SUPPLIED INFORMATION:
========

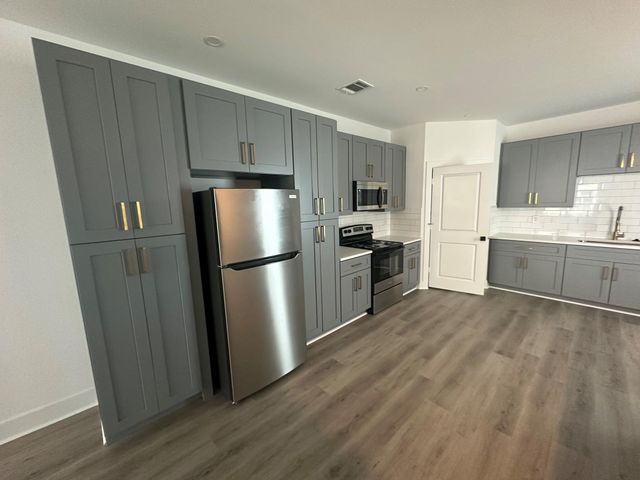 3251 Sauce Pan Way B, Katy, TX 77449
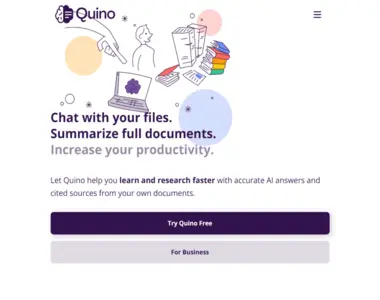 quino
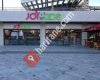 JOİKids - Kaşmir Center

========

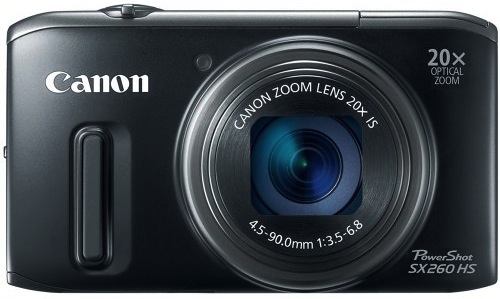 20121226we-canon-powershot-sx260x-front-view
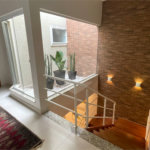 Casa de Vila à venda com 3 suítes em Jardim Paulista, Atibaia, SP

========

Give again the lines of the listing above that run from the one with "3251 Sauce Pan Way B, Katy, TX 77449" up to and including the one with "JOİKids - Kaşmir Center". Keep them exact and omit the pictures.

RESULT:
 3251 Sauce Pan Way B, Katy, TX 77449
 quino
 JOİKids - Kaşmir Center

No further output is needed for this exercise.